Pour réaliser son nouveau film Retour à Montauk, le cinéaste allemand Volker Schloendorff a adapté le récit de l’écrivain Max Frisch, Montauk (paru en français chez Gallimard en 1978). Ce récit était clairement autobiographique, même si des nuances peuvent être apportées à cette affirmation, par exemple sur la base de l’article de Ruth Vogel « Montauk de Max Frisch, réécritures et autocensure ».

Mais Schloendorff n’a pas suivi le récit de Frisch de très près et, qui plus est, il y a introduit des éléments de sa propre autobiographie : c’est ce qu’il a indiqué lors de la projection du film en avant-première (le 5 juin au cinéma Le Méliès de Montreuil), à laquelle il était présent en compagnie de l’actrice principale du film, Nina Hoss. Le cinéaste, qui semble avoir par rapport aux textes autobiographiques des sentiments mitigés (« même le journal le plus sincère fait encore de la littérature »), a pourtant écrit sa propre autobiographie, Tambour battant (parue chez Flammarion en 2009).

Rappel du synopsis :
L’écrivain Max Zorn, accompagné de sa jeune femme Clara, se rend à New York pour promouvoir son dernier roman qui raconte la passion amoureuse qu’il a eue autrefois dans cette ville avec une autre femme, Rebecca, originaire de l’Allemagne de l’Est. Par hasard, il revoit Rebecca ; il apprend qu’elle est devenue une brillante avocate. Ne parvenant pas à l’oublier, il lui propose de passer un dernier week-end ensemble à Montauk, un village de pêcheurs au bout de Long Island, où ils allaient ensemble dans le passé. Ce voyage lui montrera que le retour en arrière, qu’il voudrait pour réparer les regrets que cet amour inachevé lui a laissés, n’est pas possible.
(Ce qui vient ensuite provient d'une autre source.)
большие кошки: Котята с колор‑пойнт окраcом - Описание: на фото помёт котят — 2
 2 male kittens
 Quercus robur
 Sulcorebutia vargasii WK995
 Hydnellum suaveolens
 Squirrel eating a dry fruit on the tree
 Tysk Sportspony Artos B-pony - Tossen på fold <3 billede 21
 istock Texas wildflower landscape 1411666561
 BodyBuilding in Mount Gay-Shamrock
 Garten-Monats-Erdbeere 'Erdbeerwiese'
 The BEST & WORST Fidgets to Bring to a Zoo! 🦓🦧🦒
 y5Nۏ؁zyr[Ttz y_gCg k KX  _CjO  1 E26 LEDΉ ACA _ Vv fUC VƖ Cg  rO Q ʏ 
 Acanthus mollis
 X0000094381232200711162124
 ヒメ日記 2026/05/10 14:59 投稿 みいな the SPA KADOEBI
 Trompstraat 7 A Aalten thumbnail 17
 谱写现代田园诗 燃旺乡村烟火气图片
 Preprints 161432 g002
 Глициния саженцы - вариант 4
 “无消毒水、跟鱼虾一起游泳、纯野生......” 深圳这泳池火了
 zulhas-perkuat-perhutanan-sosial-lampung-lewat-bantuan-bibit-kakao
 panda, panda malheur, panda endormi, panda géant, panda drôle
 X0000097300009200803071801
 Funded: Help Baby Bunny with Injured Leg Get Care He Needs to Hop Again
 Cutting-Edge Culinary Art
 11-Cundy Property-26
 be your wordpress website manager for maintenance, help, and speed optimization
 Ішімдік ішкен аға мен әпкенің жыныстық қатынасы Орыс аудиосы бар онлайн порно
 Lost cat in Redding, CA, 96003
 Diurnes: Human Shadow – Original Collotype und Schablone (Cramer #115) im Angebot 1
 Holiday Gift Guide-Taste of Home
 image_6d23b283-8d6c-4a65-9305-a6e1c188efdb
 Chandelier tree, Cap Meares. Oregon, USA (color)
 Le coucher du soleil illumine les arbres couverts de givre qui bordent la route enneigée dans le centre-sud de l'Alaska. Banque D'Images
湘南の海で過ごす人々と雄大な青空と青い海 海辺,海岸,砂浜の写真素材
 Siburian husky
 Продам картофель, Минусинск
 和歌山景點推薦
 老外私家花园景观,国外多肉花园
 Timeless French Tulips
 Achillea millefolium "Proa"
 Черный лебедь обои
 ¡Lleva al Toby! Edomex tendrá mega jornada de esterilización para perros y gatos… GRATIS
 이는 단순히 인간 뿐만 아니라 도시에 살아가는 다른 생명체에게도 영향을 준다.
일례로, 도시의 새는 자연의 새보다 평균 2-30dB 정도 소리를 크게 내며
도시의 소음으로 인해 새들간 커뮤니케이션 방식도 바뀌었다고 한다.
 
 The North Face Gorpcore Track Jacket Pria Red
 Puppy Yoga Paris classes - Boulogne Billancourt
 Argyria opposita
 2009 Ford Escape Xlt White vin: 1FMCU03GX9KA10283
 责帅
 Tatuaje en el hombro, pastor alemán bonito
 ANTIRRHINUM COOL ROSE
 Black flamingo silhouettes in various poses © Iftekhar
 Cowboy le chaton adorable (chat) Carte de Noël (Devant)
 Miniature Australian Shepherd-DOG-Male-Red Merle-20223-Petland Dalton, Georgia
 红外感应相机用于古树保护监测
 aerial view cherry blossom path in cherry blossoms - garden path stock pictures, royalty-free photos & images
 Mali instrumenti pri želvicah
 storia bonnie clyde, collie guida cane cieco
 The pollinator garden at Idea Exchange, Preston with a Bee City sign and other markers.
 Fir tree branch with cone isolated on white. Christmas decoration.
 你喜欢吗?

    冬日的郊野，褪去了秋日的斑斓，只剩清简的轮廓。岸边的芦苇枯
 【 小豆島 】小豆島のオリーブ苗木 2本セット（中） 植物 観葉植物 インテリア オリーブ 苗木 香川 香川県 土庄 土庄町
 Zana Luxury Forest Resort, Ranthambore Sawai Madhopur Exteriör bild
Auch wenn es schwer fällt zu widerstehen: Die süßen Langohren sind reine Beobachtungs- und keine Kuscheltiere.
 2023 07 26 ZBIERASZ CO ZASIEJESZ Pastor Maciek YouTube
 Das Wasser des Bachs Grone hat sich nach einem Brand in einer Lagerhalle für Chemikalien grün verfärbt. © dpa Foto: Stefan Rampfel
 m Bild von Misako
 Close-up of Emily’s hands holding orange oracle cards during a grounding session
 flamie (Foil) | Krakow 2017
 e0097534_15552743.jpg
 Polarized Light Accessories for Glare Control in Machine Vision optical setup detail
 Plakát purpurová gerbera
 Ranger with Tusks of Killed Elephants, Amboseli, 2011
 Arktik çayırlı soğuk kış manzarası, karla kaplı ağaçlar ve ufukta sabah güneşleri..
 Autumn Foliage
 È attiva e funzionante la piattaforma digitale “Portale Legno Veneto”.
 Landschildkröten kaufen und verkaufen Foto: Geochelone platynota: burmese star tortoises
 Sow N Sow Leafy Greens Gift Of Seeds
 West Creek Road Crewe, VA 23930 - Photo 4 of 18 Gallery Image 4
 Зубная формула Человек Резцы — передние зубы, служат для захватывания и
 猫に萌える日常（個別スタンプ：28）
Le débat suivant la projection a donné lieu à d’intéressantes perspectives sur le rapport du récit à la réalité et sur les notions de vérité et de mensonge en matière d’autobiographie. Le film joue habilement sur des séquences ambiguës telles que la toute première, où l’on voit le personnage principal lire à haute voix un extrait de son livre. Il semble s’adresser à nous de manière intime mais, à la fin du passage, la caméra recule, laissant voir qu’il s’agit en fait d’une lecture publique.

Dans l’ensemble, étant donné que tout ce qui se déroule (ou presque) est raconté tel qu’il est vu par Max Zorn, ce dernier occupe pratiquement la place d’un narrateur similaire à celui qui dit « je » dans le récit de Max Frisch – qui n’a même pas changé son prénom.